Package 'Hotelling'

Title: Hotelling's T^2 Test and Variants
Description: A set of R functions which implements Hotelling's T^2 test and some variants of it. Functions are also included for Aitchison's additive log ratio and centred log ratio transformations.
Authors: James Curran [aut, cre], Taylor Hersh [aut]
Maintainer: James Curran <[email protected]>
License: GPL (>= 2)
Version: 1.0-8
Built: 2024-09-14 02:36:10 UTC
Source: https://github.com/jmcurran/hotelling

Help Index


Hotelling

Description

A set of R functions and data sets which implements Hotelling's T^2 test, and some variants of it. Functions are also included for Aitchison's additive log ratio and centred log ratio transformations.

Author(s)

James Curran Maintainer: James Curran <[email protected]> ~~ The author and/or maintainer of the package ~~


Additive log ratio transformation

Description

Aitchison's additive log ratio tranformation for compositional data

Usage

alr(form, data, group = NULL)

Arguments

form

a formula which specifies the denominator variable as the response

data

a data frame in which the data is stored

group

if not NULL then a character string specifying the name of the grouping variable

Details

This function will give a warning if zeros are present because the transformed data will have -Infs.

Value

a data frame with the ALR transformation applied to data. Each row in the data frame is standardized with respect to a specific variable by dividing by that variable. The logarithms of the resulting ratios are returned. If a grouping variable is specified, then this is preserved.

Author(s)

James M. Curran

References

Aitchison, J. (1986). “The Statistical Analysis of Compositional Data”, Chapman and Hall, reprinted in 2003 with additional material by The Blackburn Press

See Also

clr

Examples

data(bottle.df)

## transform with respect to manganese
alr(Mn~., bottle.df, "Number")

## transform the data with respect to barium, but removing the
## grouping in column 1
alr(Ba~., bottle.df[,-1])

Bottle data

Description

This data contains the elemental concentration of five different elements (Manganese, Barium, Strontium, Zirconium, and Titanium) in samples of glass taken from six different Heineken beer bottles. 20 measurements were taken from each bottle.

References

R. L. Bennett. Aspects of the analysis and interpretation of glass trace evidence. Master's thesis, Department of Chemistry, University of Waikato, 2002.


Centered log ratio transformation

Description

Aitchison's centered log ratio tranformation for compositional data

Usage

clr(data, group = NULL)

Arguments

data

a data frame in which the data is stored

group

if not NULL then a character string specifying the name of the grouping variable

Details

This function will give a warning if zeros are present because the transformed data will have -Infs.

Value

a data frame with the CLR transformation applied to data. Each row in the data frame is standardized by dividing by the geometric mean of that row. The logarithms of the resulting ratios are returned. If a grouping variable is specified, then this is preserved.

Author(s)

James M. Curran

References

Aitchison, J. (1986). “The Statistical Analysis of Compositional Data”, Chapman and Hall, reprinted in 2003 with additional material by The Blackburn Press

See Also

alr

Examples

data(bottle.df)

## transform preserving grouping
clr(bottle.df, "Number")

## transform the data but remove the
## grouping in column 1
clr(bottle.df[,-1])

Container data

Description

This data contains the elemental concentration of nine different elements (Titanium, Aluminium, Iron, Manganese, Magnesium, Calcium, Barium, Strontium, and Zirconium) in specimens of glass taken from two different containers. Ten measurements were taken from each container.

References

Jose R. Almirall. Discrimination of glass samples by solution based ICP-OES PhD thesis, Department of Chemistry, Florida International University, 1998.

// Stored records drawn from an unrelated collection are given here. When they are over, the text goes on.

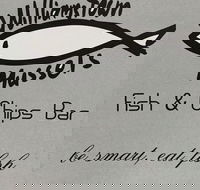 Williamstown Mussels - Food Delivery Shop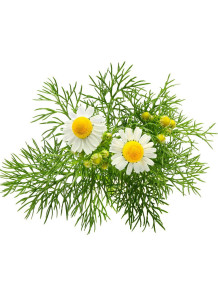 WeightCare™ Chamomile...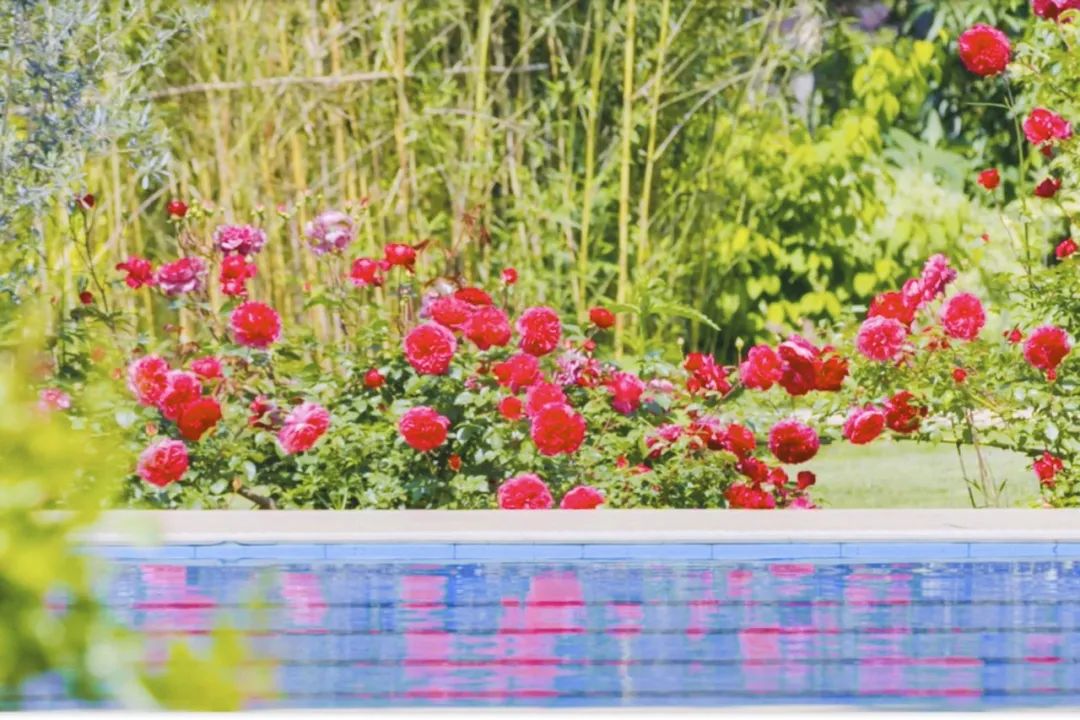 腾讯元老赚钱辞职到安徽隐居,每天对着200亩地发呆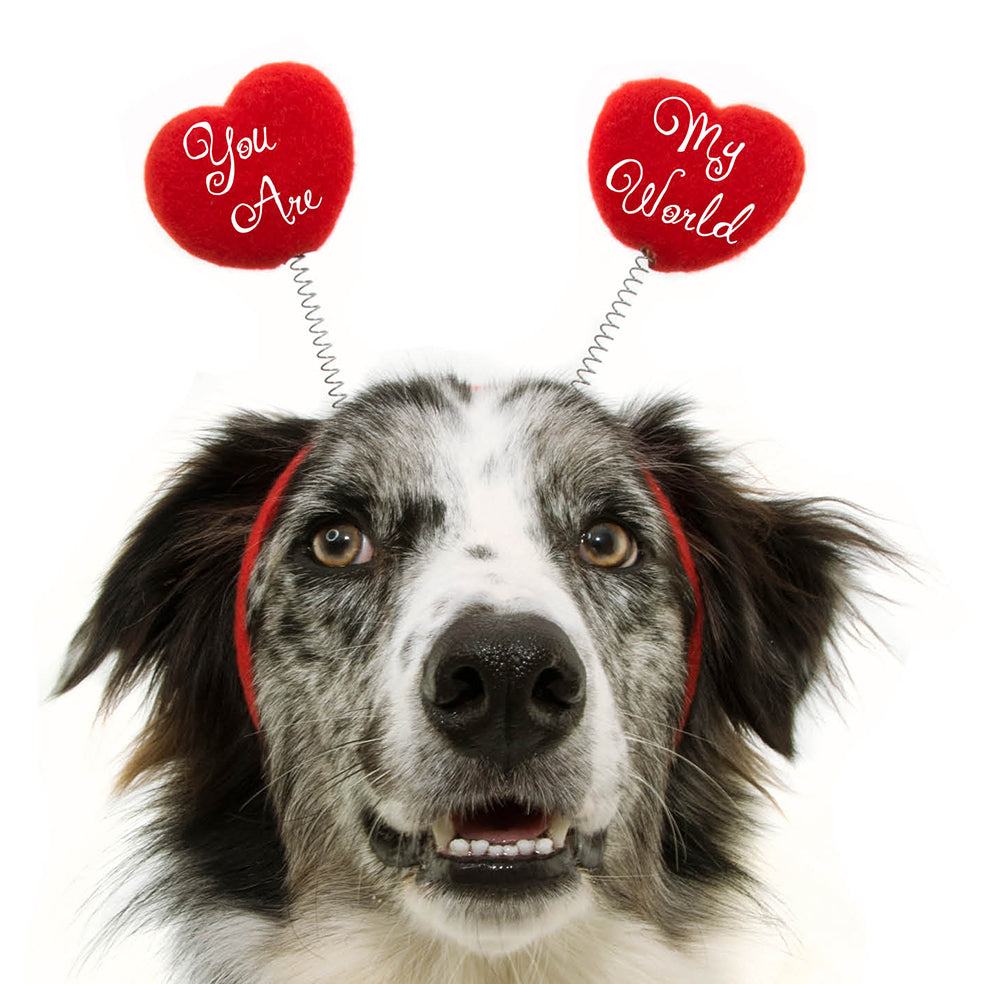My World Dog Love Card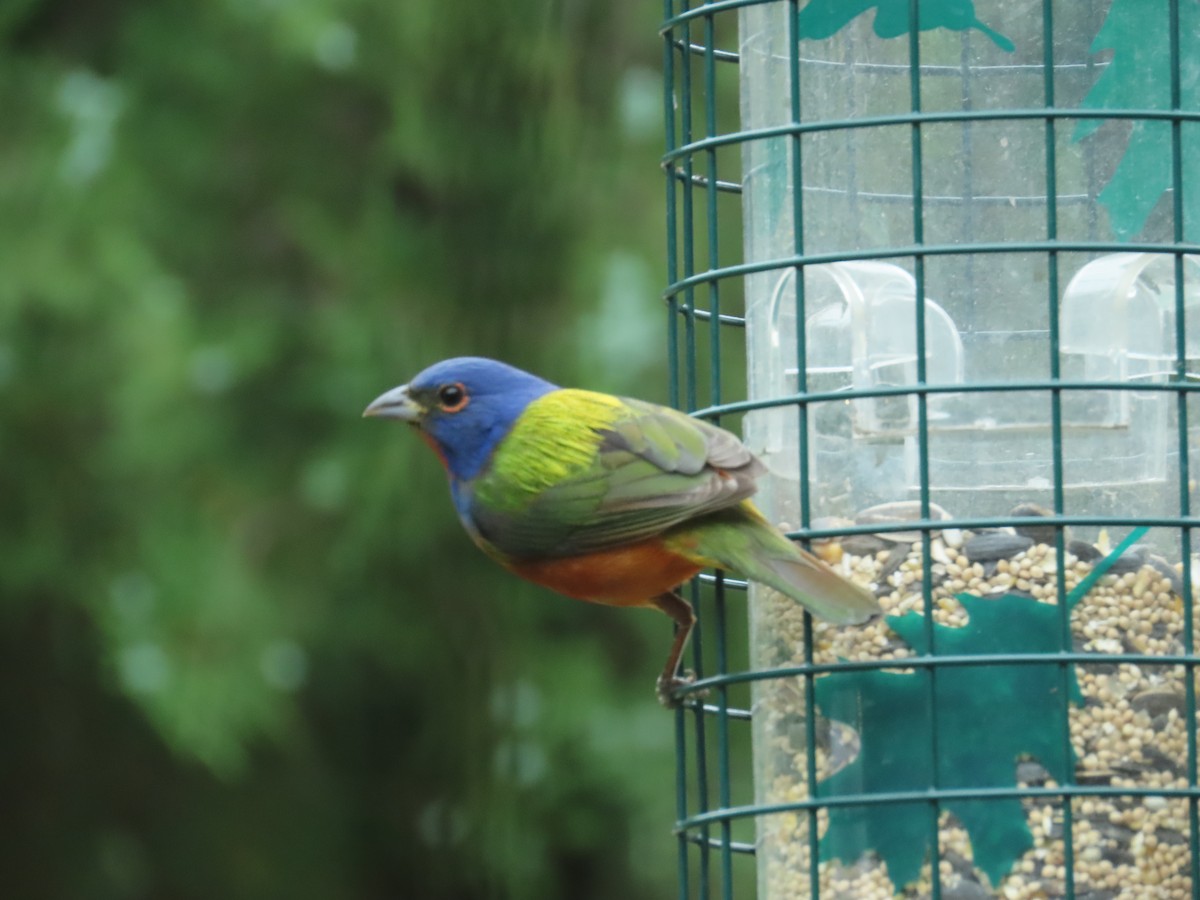 Painted Bunting - ML617545227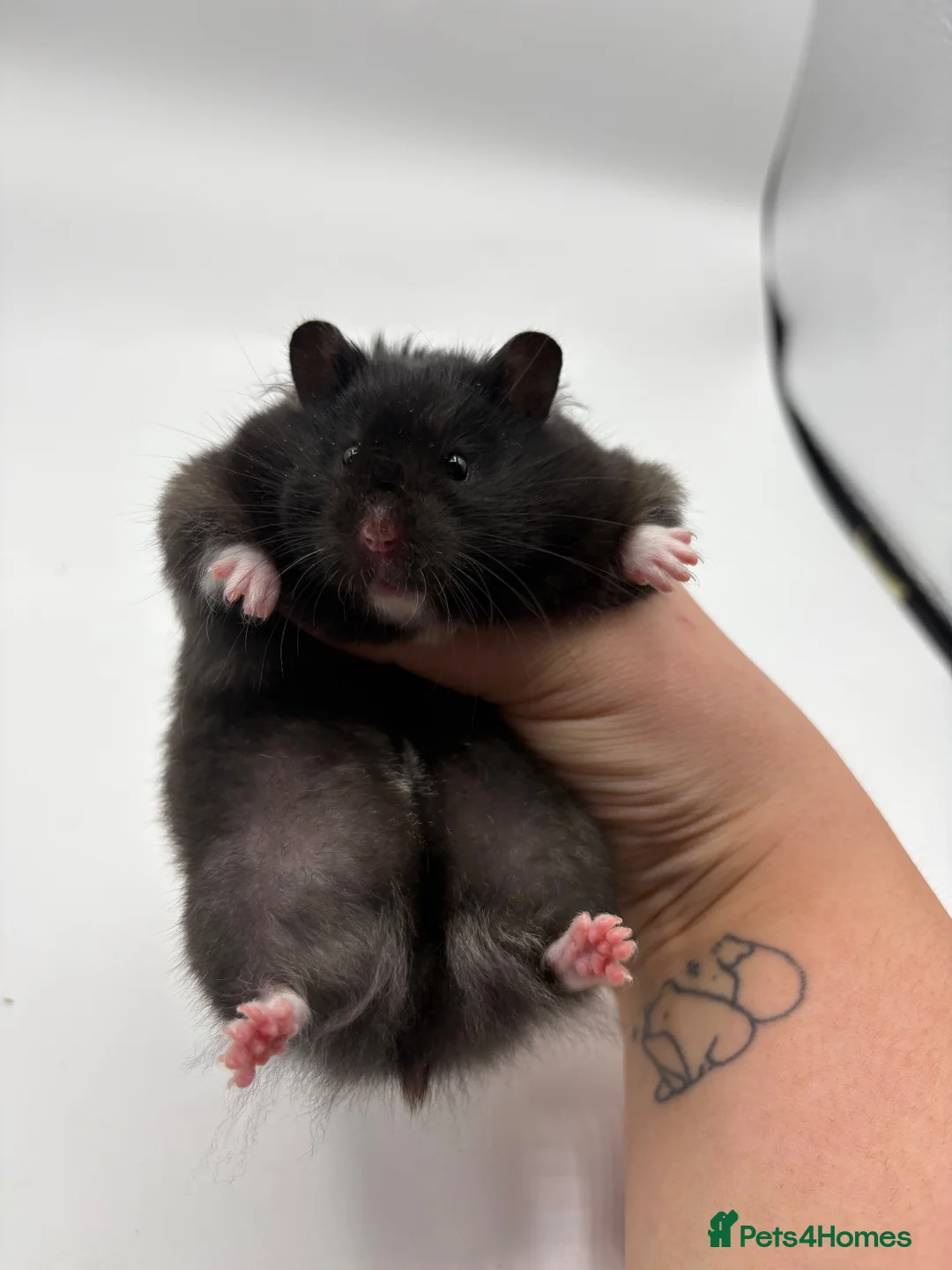 Hamster rodents for sale: Pedigree Syrian hamster pups  - Advert 1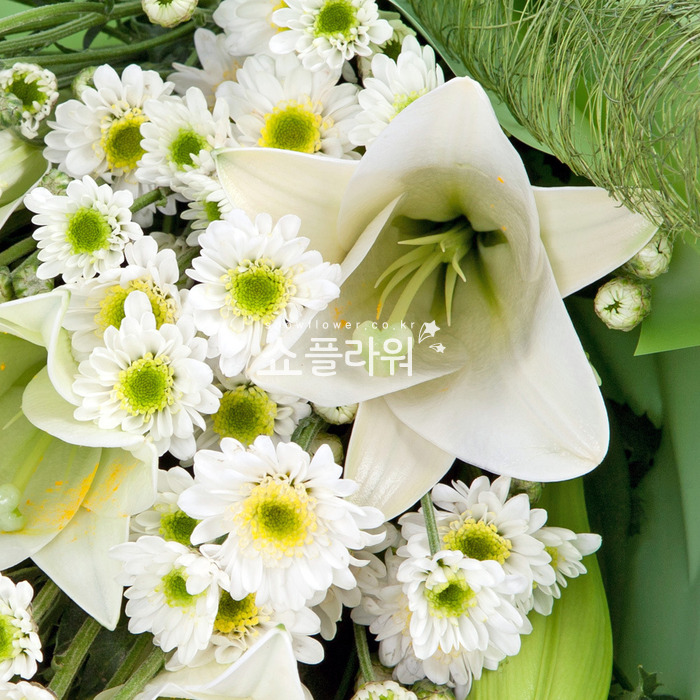 상세이미지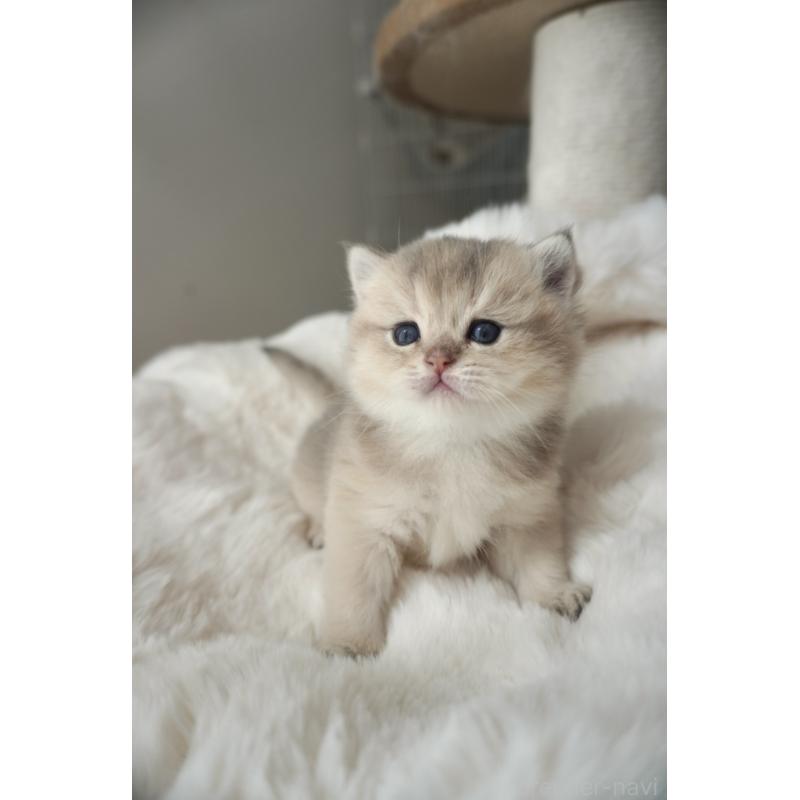 販売中の東京都のブリティッシュロングヘア-140162の5枚目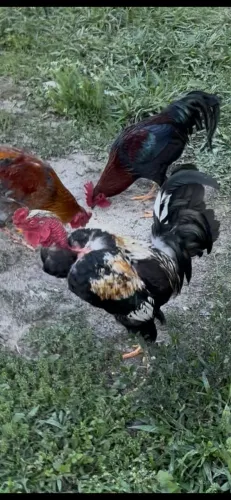 Galos garnizé e caipira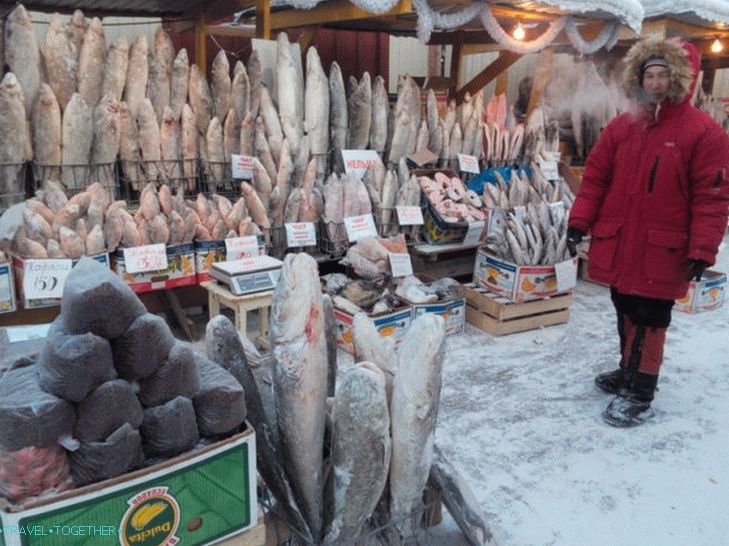 puteshestvie-v-yakutiyu-18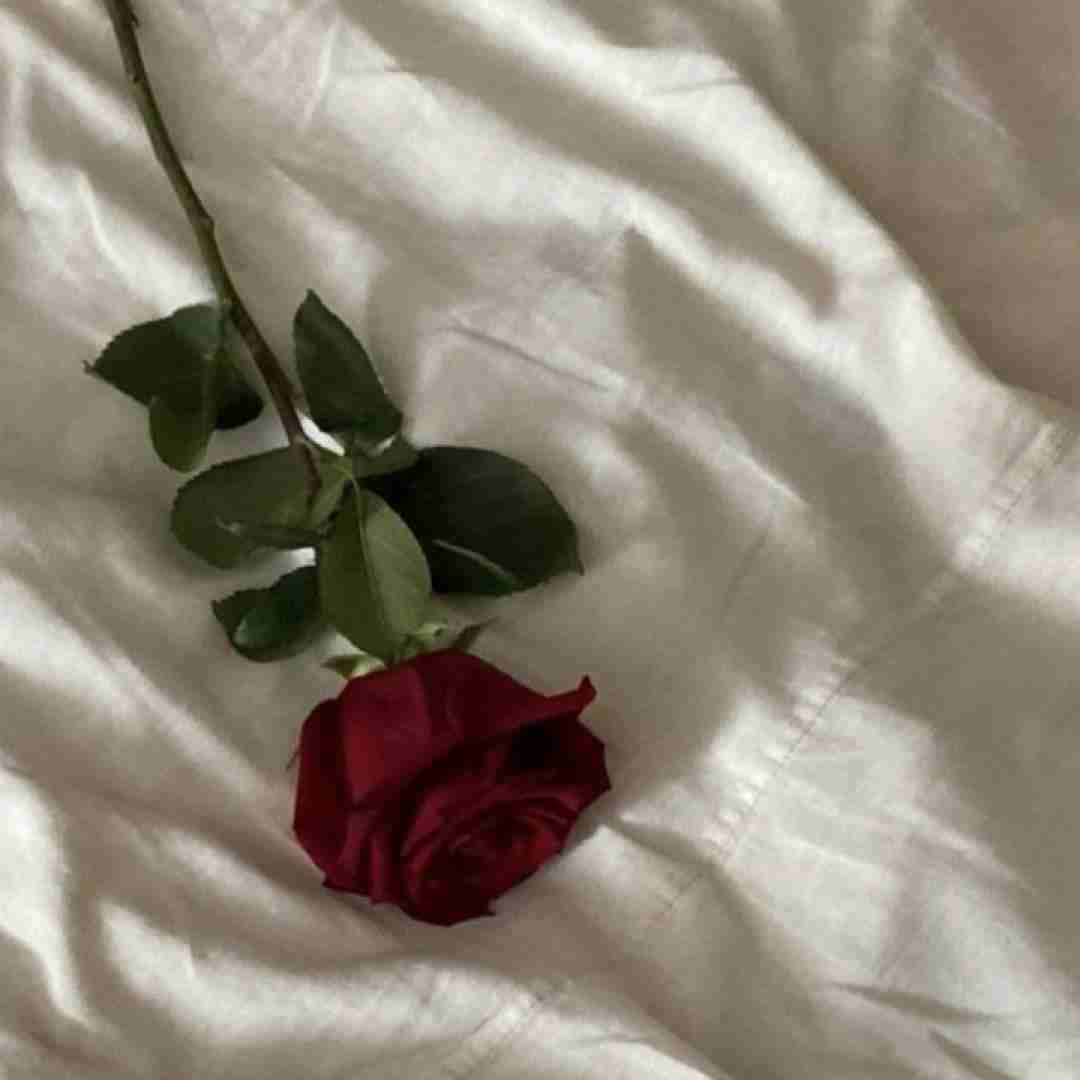 دافه چیر که میندازه چفیه قیافه که نه با صدای پسر اینستایی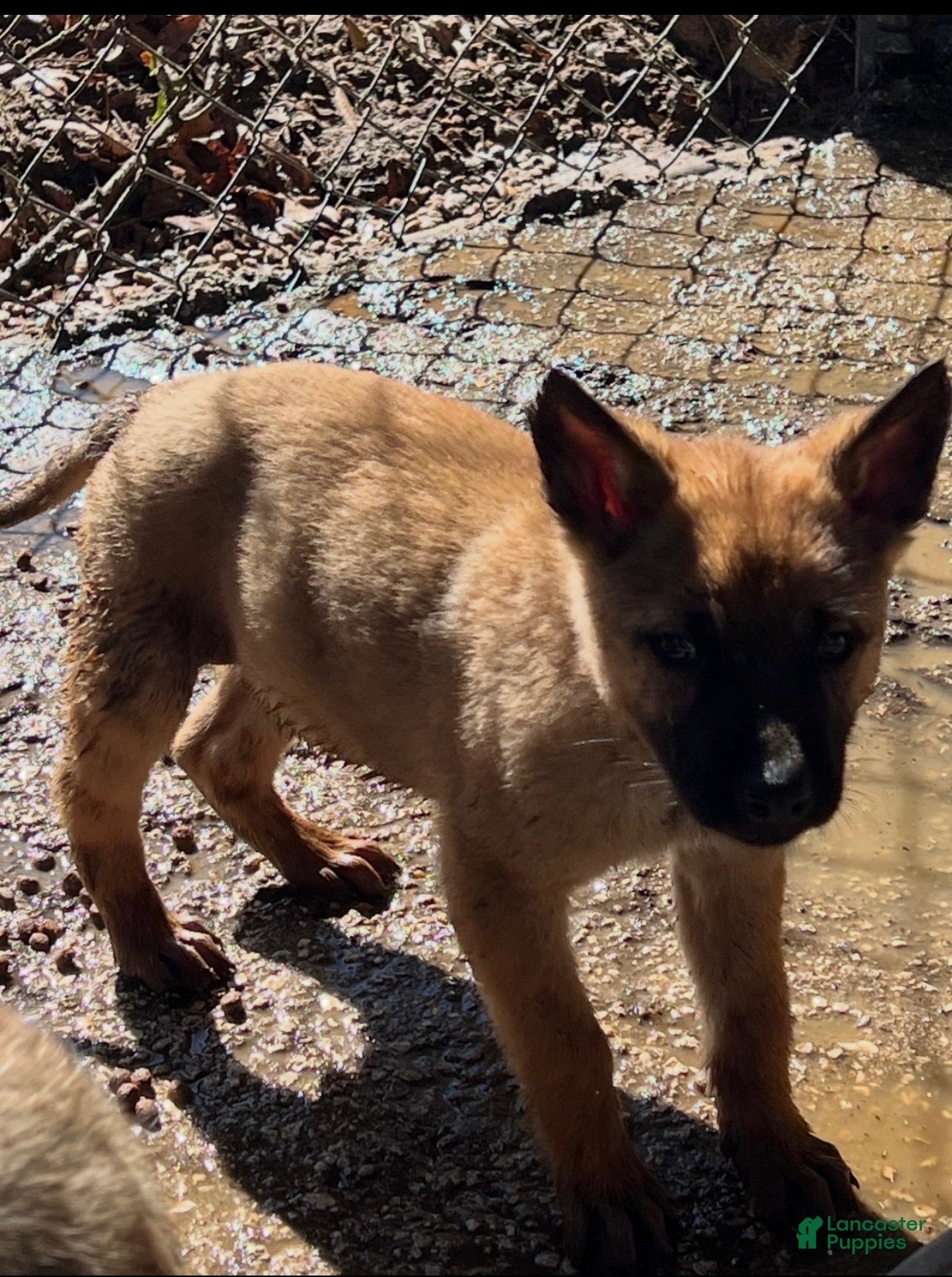 Belgian Malinois dogs Belgian Malinois Puppy 7 - Ad 1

Calculate Hotelling's two sample T-squared test statistic

Description

Calculate Hotelling's T-squared test statistic for the difference in two multivariate means.

Usage

hotelling.stat(x, y, shrinkage = FALSE, var.equal = TRUE)

Arguments

x

a nx by p matrix containing the data points from sample 1 or a list containing elements mean, cov, and n where mean is a mean vector of length p, cov is a variance-covariance matrix of dimension p by p, and n is the sample size

y

a ny by p matrix containg the data points from sample 2 or a list containing elements mean, cov, and n where mean is a mean vector of length p, cov is a variance-covariance matrix of dimension p by p, and n is the sample size

shrinkage

set to TRUE if the covariance matrices are to be estimated using Schaefer and Strimmer's James-Stein shrinkage estimator. Note this only works when raw data is supplied, and will not work if summary statistics are supplied.

var.equal

set to TRUE if the covariance matrices are (assumed to be) equal

Details

Note, the sample size requirements are that nx + ny - 1 > p. The procedure will stop if this is not met and the shrinkage estimator is not being used. The shrinkage estimator has not been rigorously tested for this application (small p, smaller n).

Value

A list containing the following components:

statistic

Hotelling's (unscaled) T-squared statistic

m

The scaling factor - this can be used by by multiplying it with the test statistic, or dividing the critical F value

df

a vector of length containing the numerator and denominator degrees of freedom

nx

The sample size of sample 1

ny

The sample size of sample 2

p

The number of variables to be used in the comparison

Author(s)

James M. Curran

Taylor Hersh

References

Hotelling, H. (1931). “The generalization of Student's ratio.” Annals of Mathematical Statistics 2 (3): 360–378.

Schaefer, J., and K. Strimmer (2005). “A shrinkage approach to large-scale covariance matrix estimation and implications for functional genomics.” Statist. Appl. Genet. Mol. Biol. 4: 32.

Opgen-Rhein, R., and K. Strimmer (2007). “Accurate ranking of differentially expressed genes by a distribution-free shrinkage approach.” Statist. Appl. Genet. Mol. Biol. 6: 9.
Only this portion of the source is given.